Work instruction: Copy out exactly the lines from the one containing "Stainless Steel Guitar" through the end of the records, and no pictures.

Captioned web images
+--

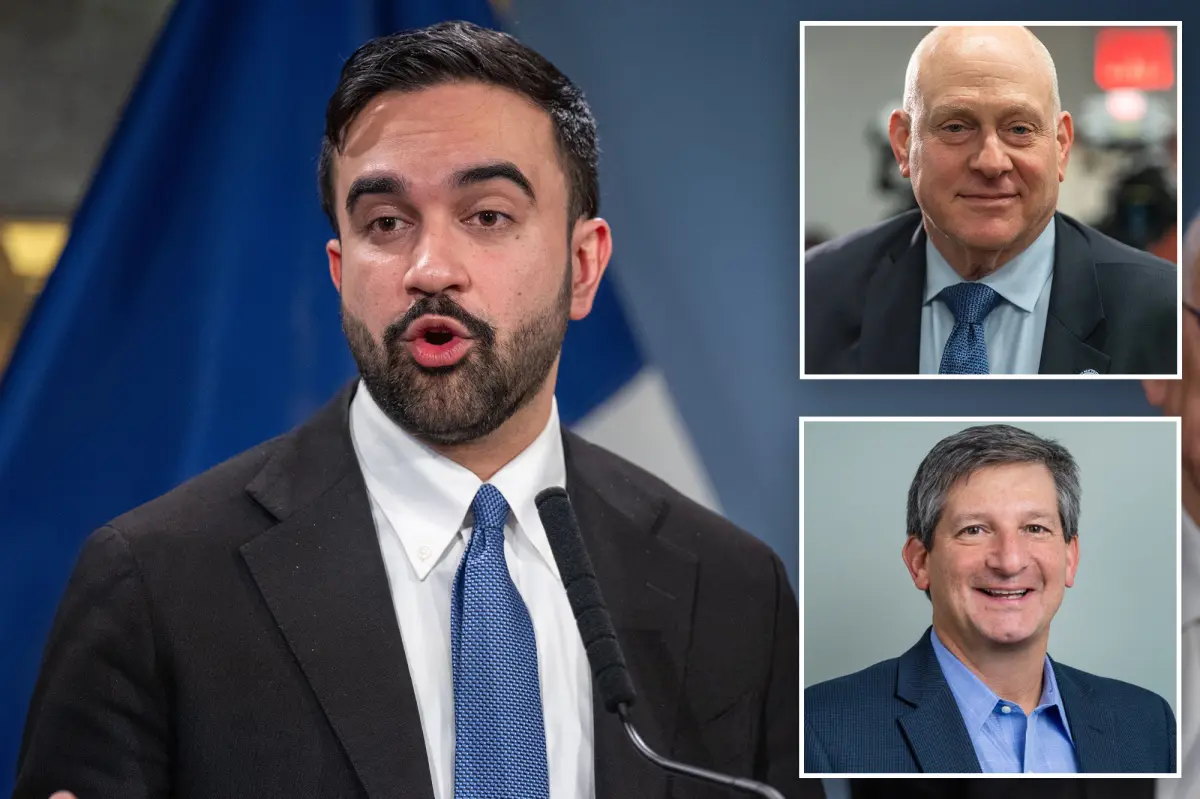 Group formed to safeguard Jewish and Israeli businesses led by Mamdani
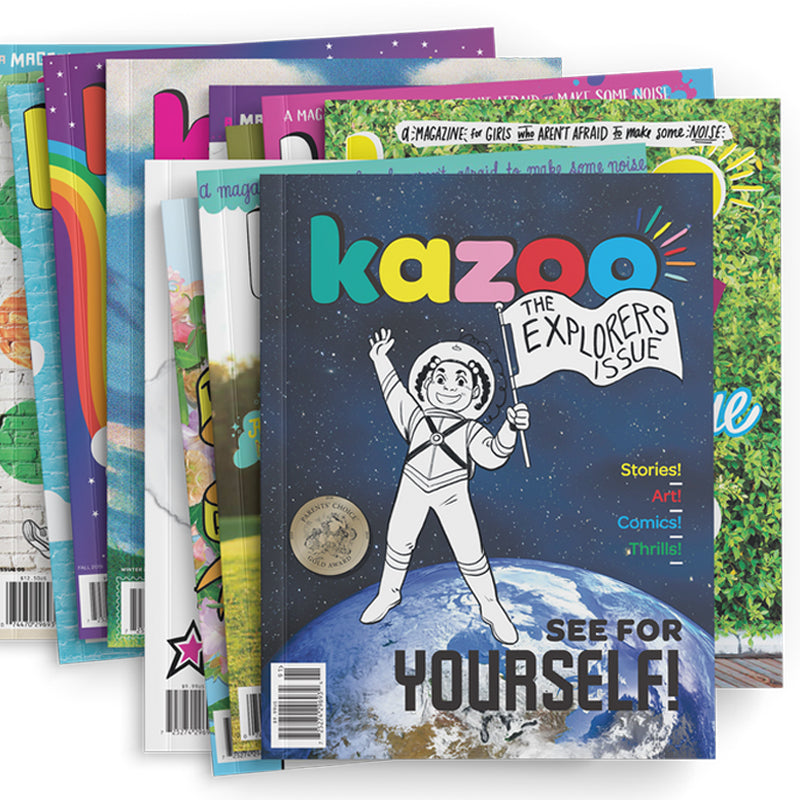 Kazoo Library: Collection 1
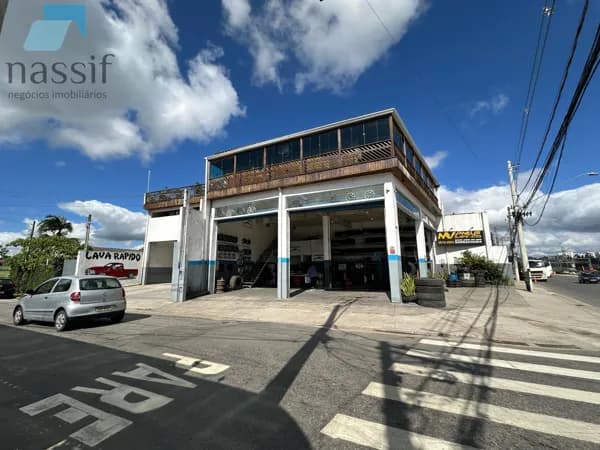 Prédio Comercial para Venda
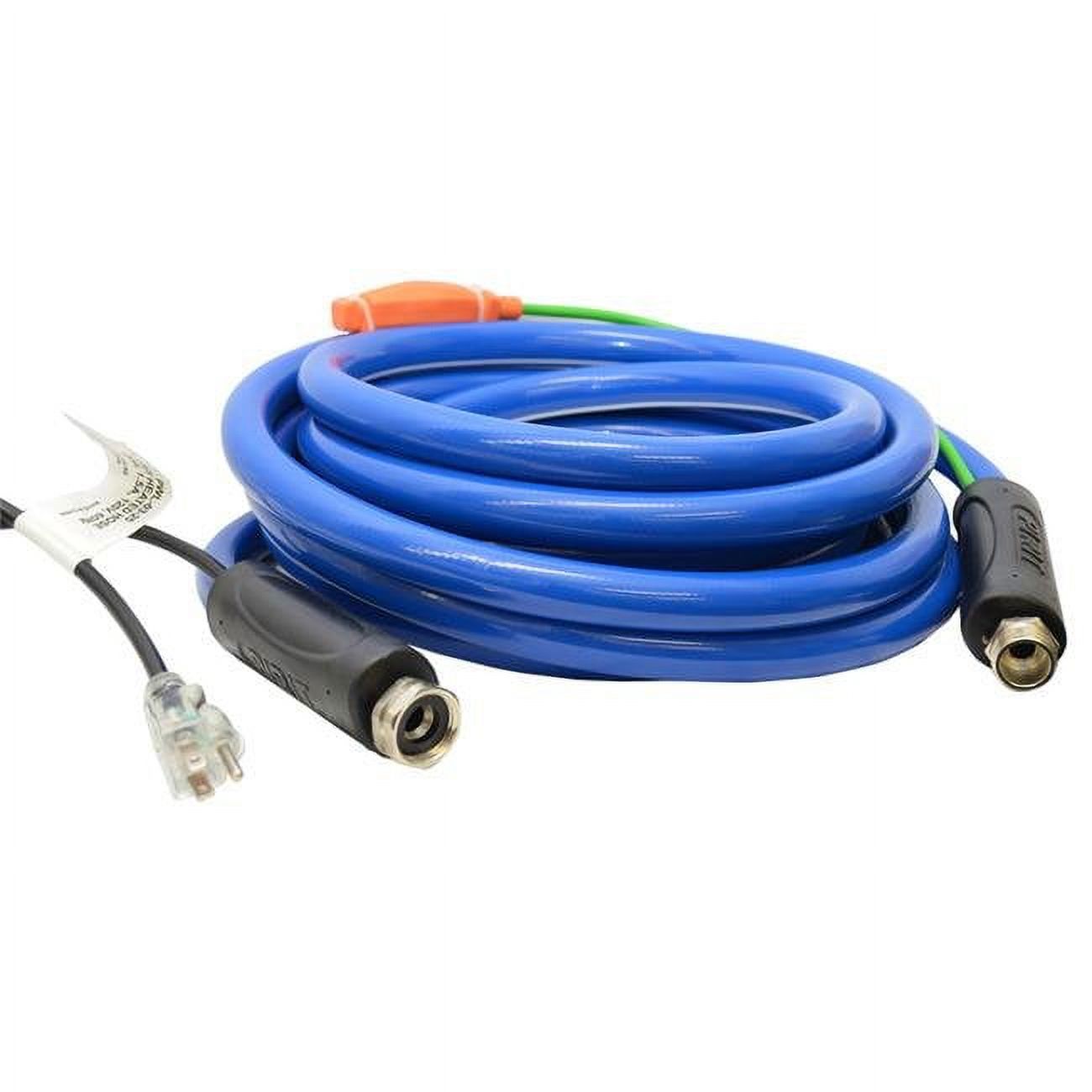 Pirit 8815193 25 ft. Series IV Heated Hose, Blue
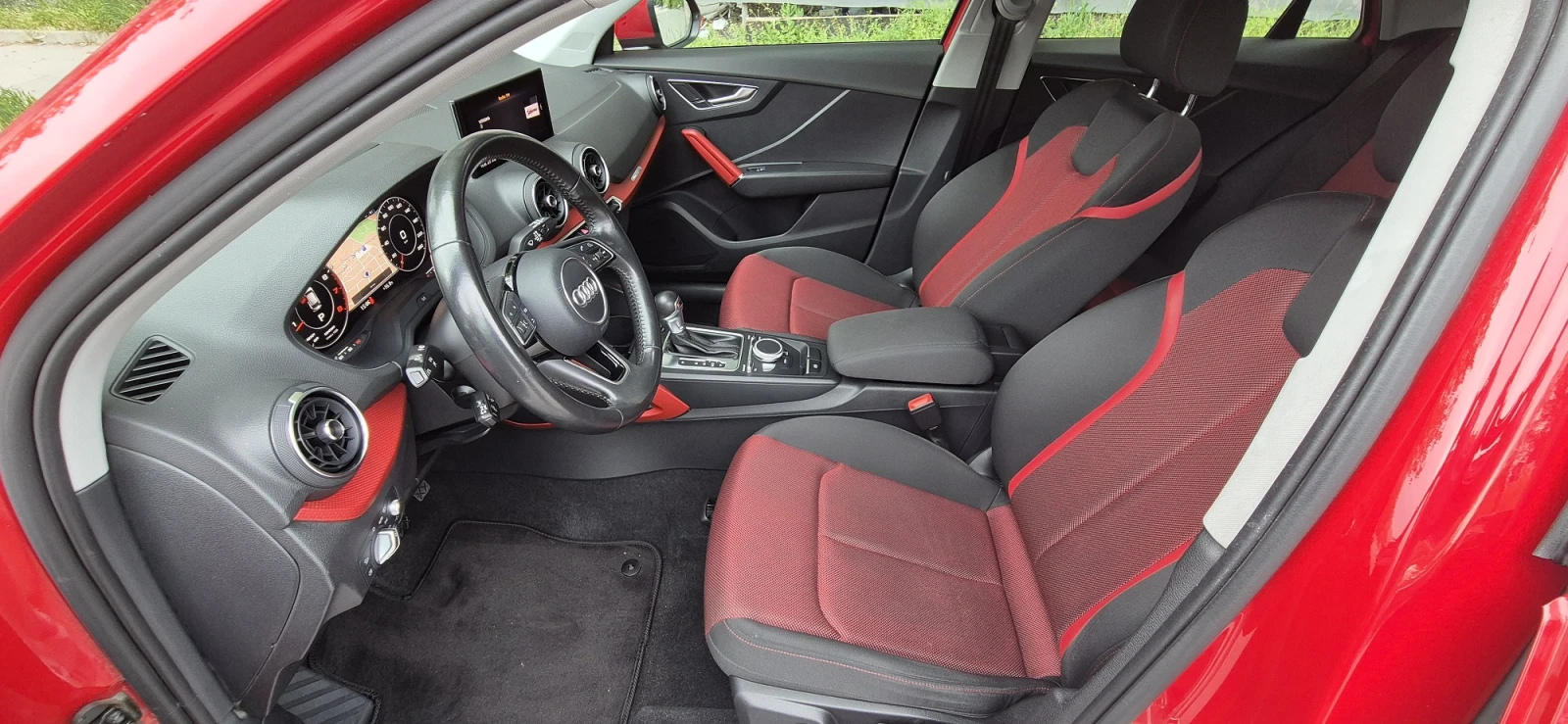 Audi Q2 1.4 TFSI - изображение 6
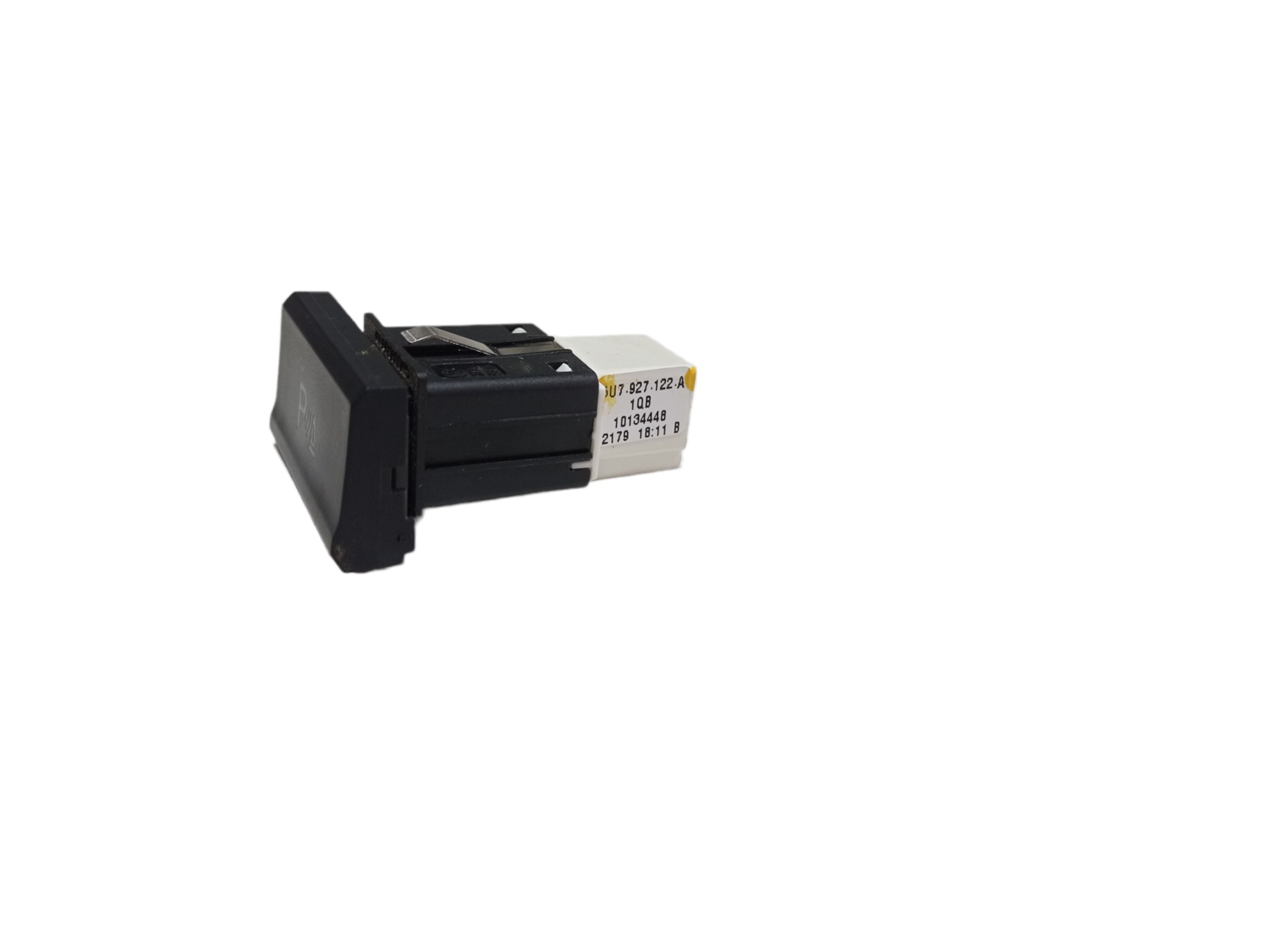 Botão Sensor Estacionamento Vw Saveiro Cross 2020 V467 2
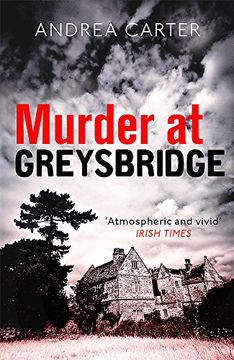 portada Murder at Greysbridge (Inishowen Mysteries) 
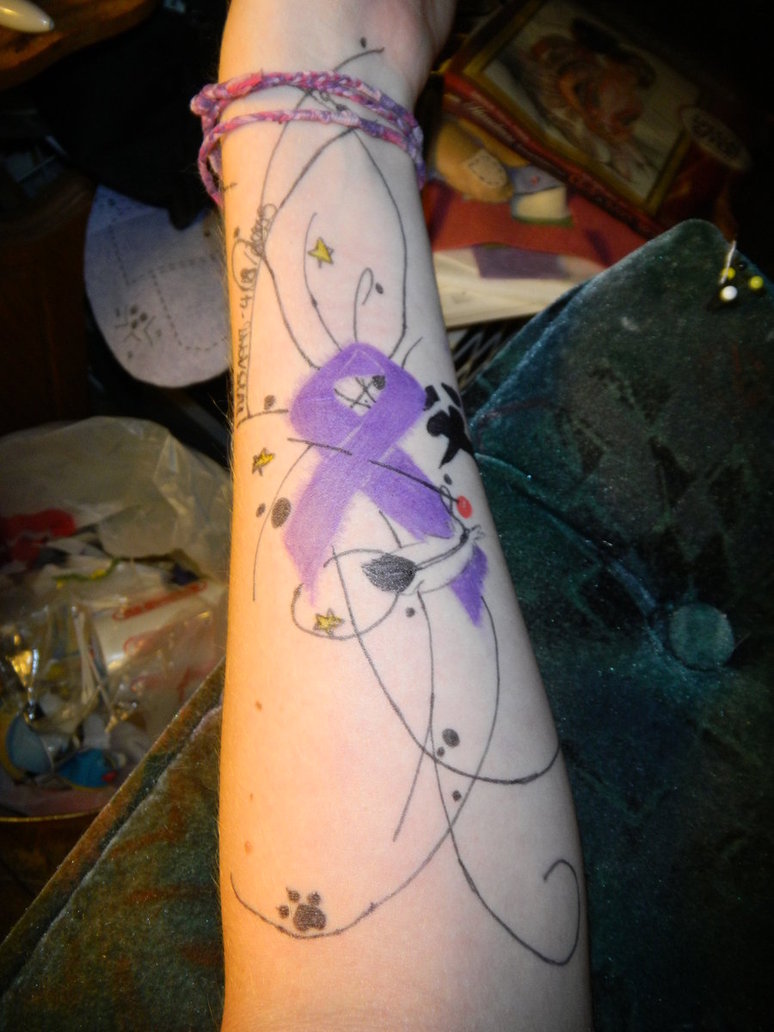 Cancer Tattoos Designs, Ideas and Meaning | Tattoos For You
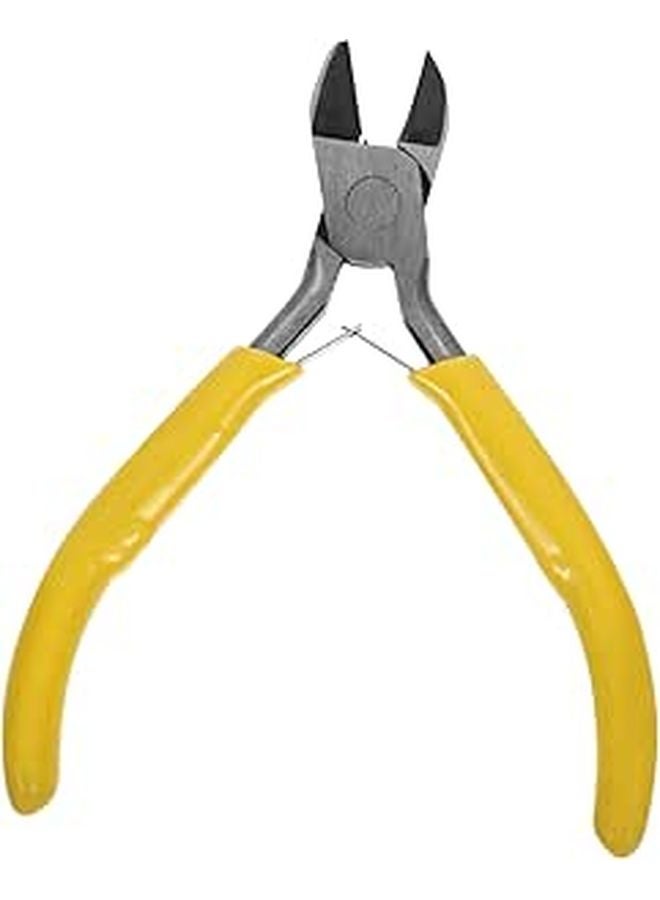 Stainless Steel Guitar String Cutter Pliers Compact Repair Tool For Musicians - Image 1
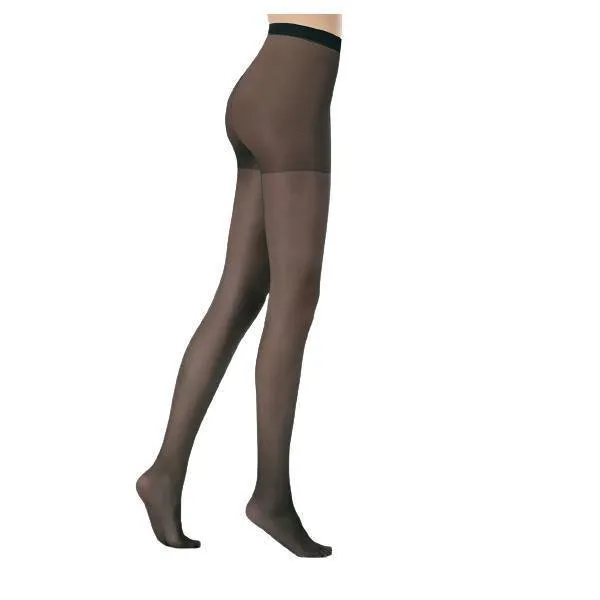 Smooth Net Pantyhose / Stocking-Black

+--

Reply:
 Stainless Steel Guitar String Cutter Pliers Compact Repair Tool For Musicians - Image 1
 Smooth Net Pantyhose / Stocking-Black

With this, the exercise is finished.